As incendiary as Donald Trump’s proposal to block Muslims from coming into the United States is, it isn’t enough to overcome a key dynamic inside the Republican presidential contest: the candidates’ own self-interest.

Even the businessman and former reality television star’s staunchest critics have learned better than to predict that his latest gambit will be his downfall. Despite GOP leaders’ overtures to the contrary, Trump has taken one (or 100) steps too far to ever earn their support. The Republican front-runner’s serial embrace of offensive rhetoric and extreme policy has only solidified his support among conservative voters. But equally important, it has hardened opposition to Trump among the majority of voters still divided between the 13 remaining candidates.

Therein lies the problem. It appears likely this race will come down to Trump and one or two alternatives. And all the would-be alternatives know that if they’re the last anti-Trump candidate standing, they’ll almost surely win. So why should they get out?
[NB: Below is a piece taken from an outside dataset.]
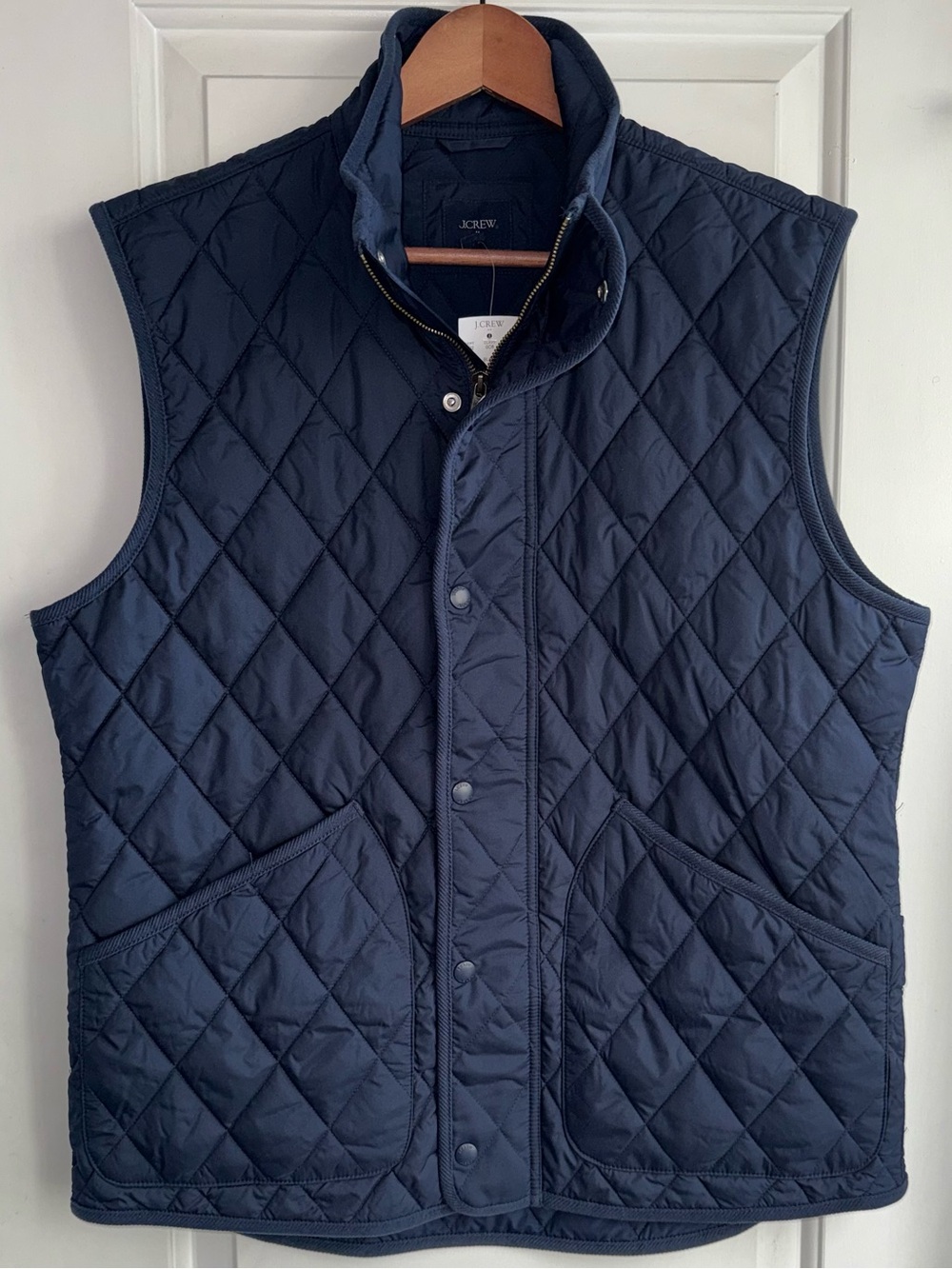 NWT J. Crew “Walker” Diamond Quilted Adjustable Vest in Navy Blue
“There are a significant number of campaigns that can legitimately make a case to a donor to wait and see how this shakes out,” former Republican National Committee Chief of Staff Mike Shields said, explaining why a consolidation of the field is unlikely to happen anytime soon.
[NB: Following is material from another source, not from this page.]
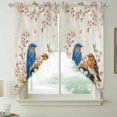 thumbnail image 2 of Birds Floral Swag Valances for Windows 2 Pack, Kitchen Window Curtains 36 Inch Length, Farmhouse Vintage Pink Flower Leaf Privacy Swag Curtains for Living Room/Bathroom with Rod Pocket 36"x36", 2 of 8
“It’s a game theory problem,” one senior aide to a top-tier candidate told TIME.

MORE Donald Trump’s Problem With Polls

Since August, when Trump first broke the 20% mark in an average of national polls, his support has been largely consistent, fluctuating slightly as other flavors of the month (such as Carly Fiorina and Ben Carson) have risen and fallen. His favorability rating has been even more stable, standing at 34% in the Pollster.com average. But more importantly, so has his unfavorable rating, now at 57%. Trump consistently leads surveys on which candidate voters would not support.

Efforts to take down Trump, through ad campaigns and tough statements, have accomplished little to nothing.
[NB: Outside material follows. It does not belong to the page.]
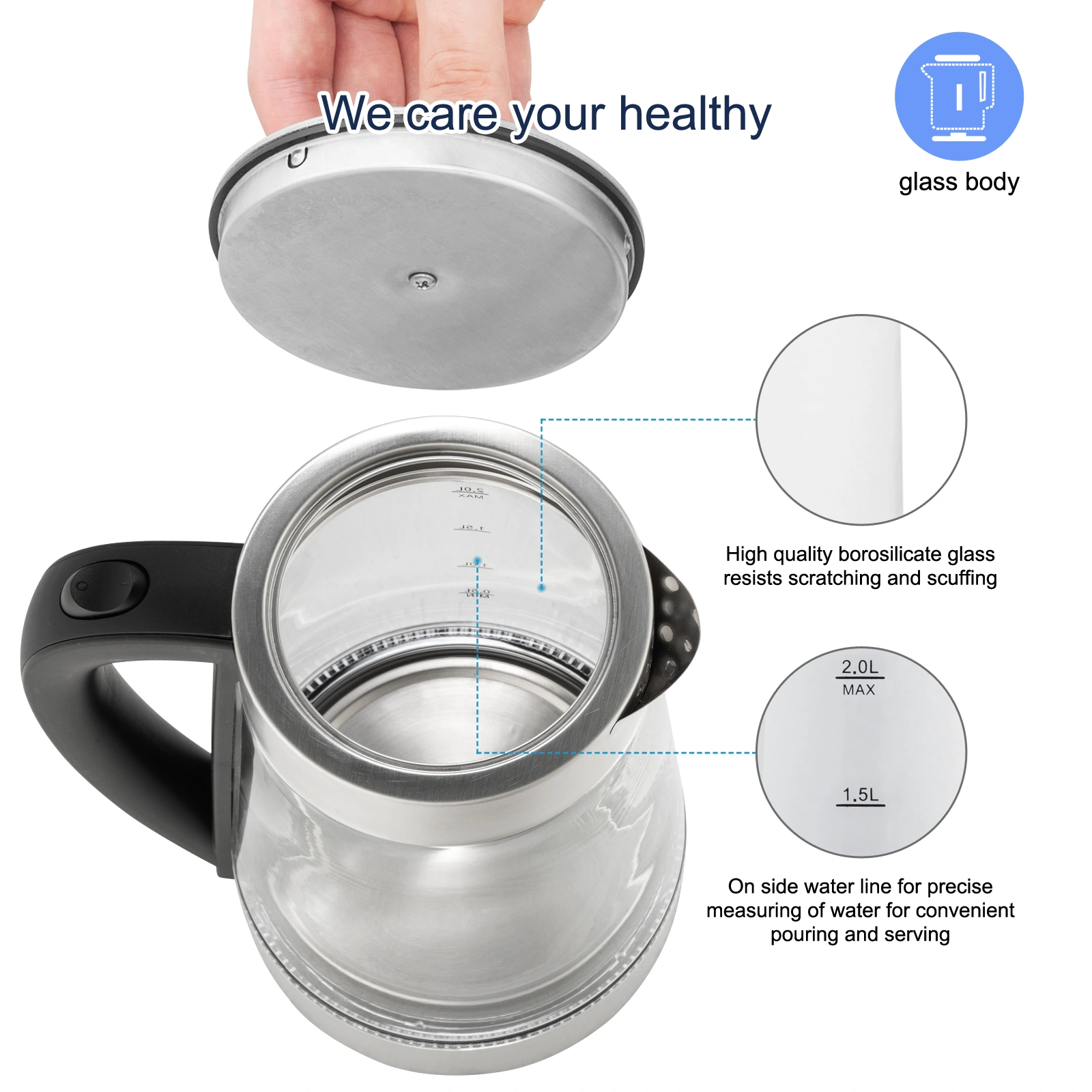 HD-250 220V 2000W 2L Blue Glass Electric Kettle view 3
The other candidates all believe that Trump, who does not conduct his own internal polls, has made a fatal strategic error. By focusing on staying in first place in early polls, they say, he has ignored deeper data that shows his rhetoric and positions alienates too many Republicans to actually win a majority of the party. The difference between 30% and 51% is where they believe they will win.

When former Wisconsin Gov. Scott Walker dropped out in September amid a financial crunch, he encouraged many of his rivals to do the same in order to consolidate the field—a message he repeated Tuesday.

“I think in the end, he has a plurality but not a majority of the votes within the process,” Walker said in Wisconsin. “Eventually, I hope others do what I did, which is suspend their campaigns, because if you have a large field, a plurality can win, but if you have a small field, more people will focus toward the majority opinion.”

“I think until March 1 everyone will play on the assumption that everyone else has a glass jaw,” veteran Republican adviser Ben Ginsberg told TIME, saying the field will narrow then. But will it narrow enough? Only time will tell, Ginsberg said. “The only thing that’s consistent is you get into trouble making predictions.”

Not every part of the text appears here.